Look through the entries below for the line with "20W USB C Power" and the line with "Peach Nautica Checkered", then give again exactly those two lines and all lines between them, minus the pictures.

▶ [Task inputs]:
★ ★ ★ ★
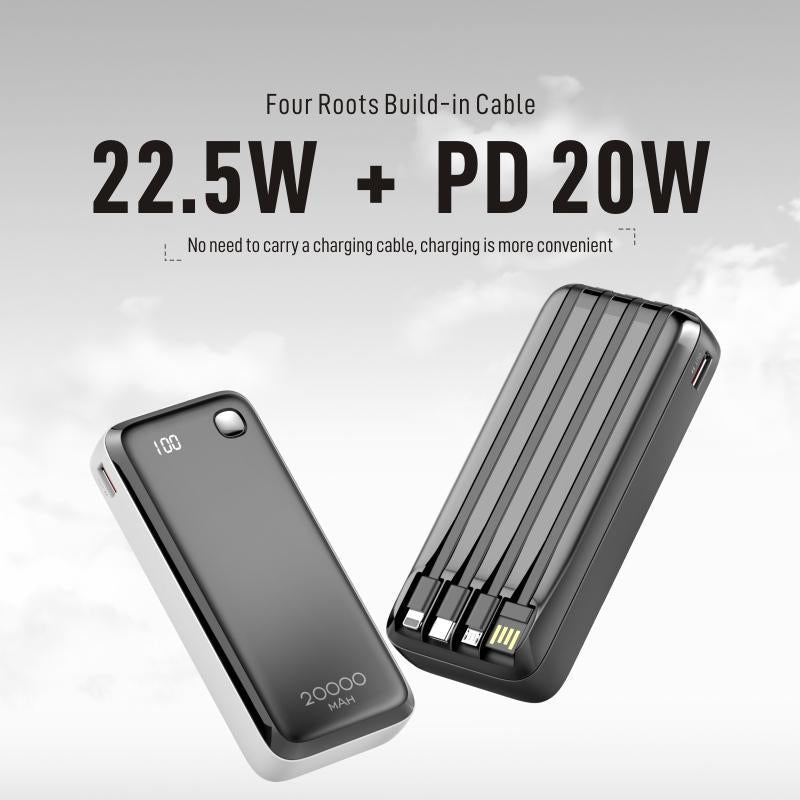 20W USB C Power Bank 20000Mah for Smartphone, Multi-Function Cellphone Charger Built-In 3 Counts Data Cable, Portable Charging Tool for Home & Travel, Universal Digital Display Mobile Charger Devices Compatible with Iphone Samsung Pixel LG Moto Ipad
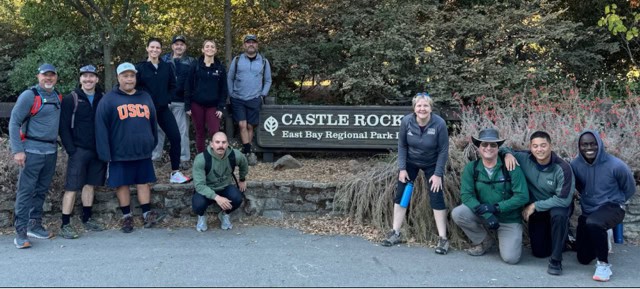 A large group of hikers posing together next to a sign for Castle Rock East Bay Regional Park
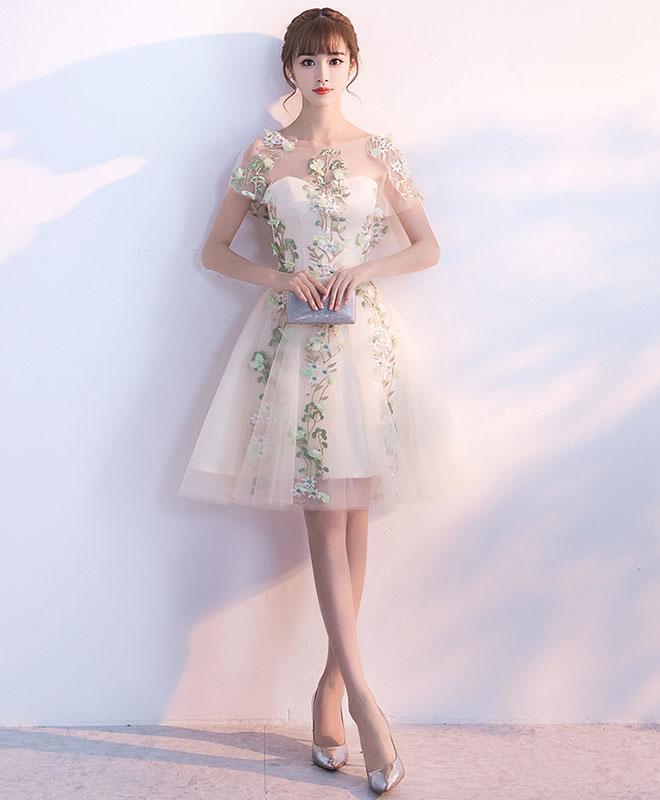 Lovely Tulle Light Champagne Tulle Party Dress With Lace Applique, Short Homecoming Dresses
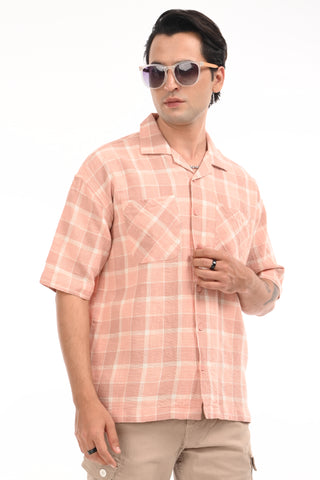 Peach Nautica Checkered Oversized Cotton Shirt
★ ★ ★ ★
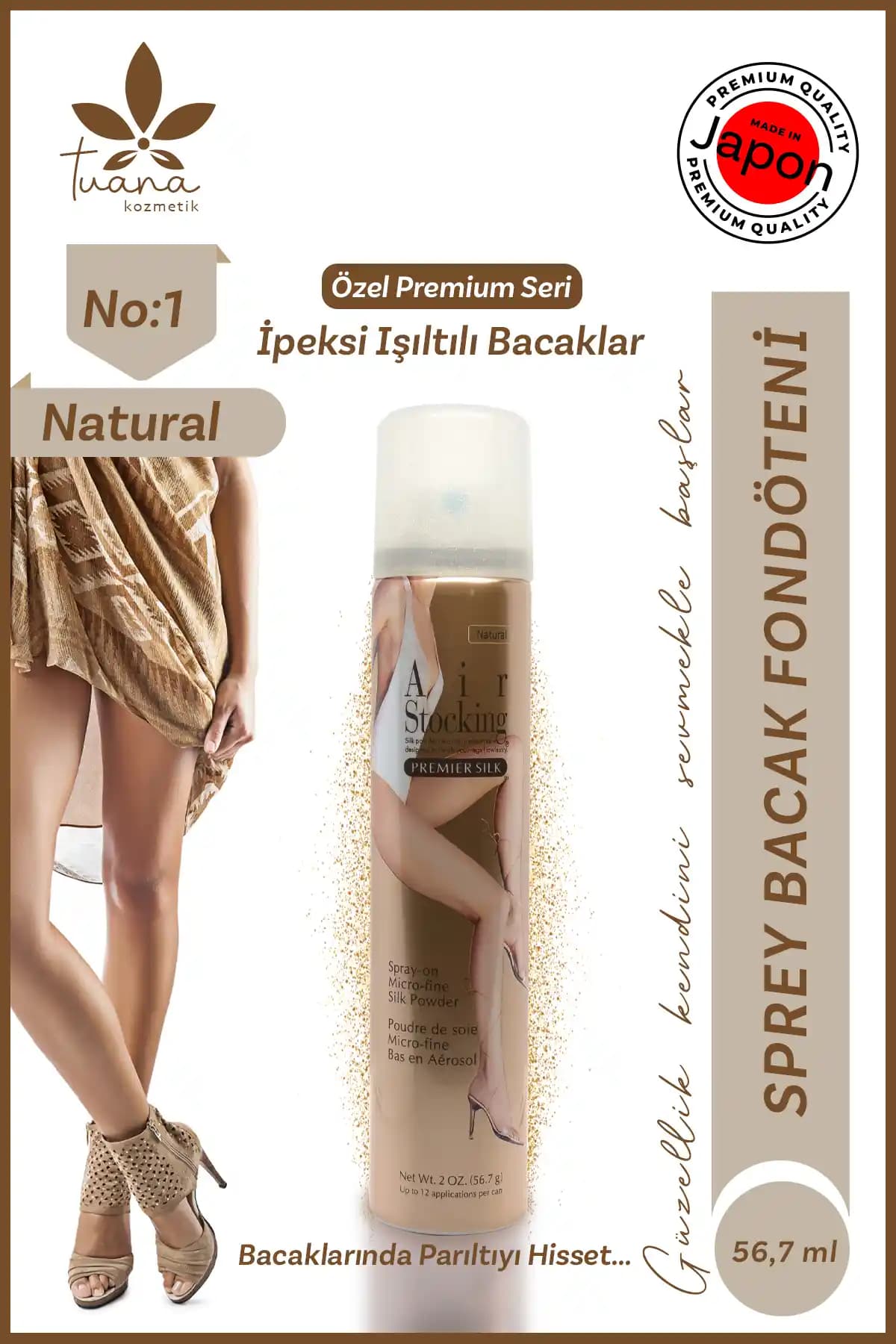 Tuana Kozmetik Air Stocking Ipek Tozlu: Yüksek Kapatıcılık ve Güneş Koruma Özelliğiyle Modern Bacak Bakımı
★ ★ ★ ★
▶ [Task result]:
 20W USB C Power Bank 20000Mah for Smartphone, Multi-Function Cellphone Charger Built-In 3 Counts Data Cable, Portable Charging Tool for Home & Travel, Universal Digital Display Mobile Charger Devices Compatible with Iphone Samsung Pixel LG Moto Ipad
 A large group of hikers posing together next to a sign for Castle Rock East Bay Regional Park
 Lovely Tulle Light Champagne Tulle Party Dress With Lace Applique, Short Homecoming Dresses
 Peach Nautica Checkered Oversized Cotton Shirt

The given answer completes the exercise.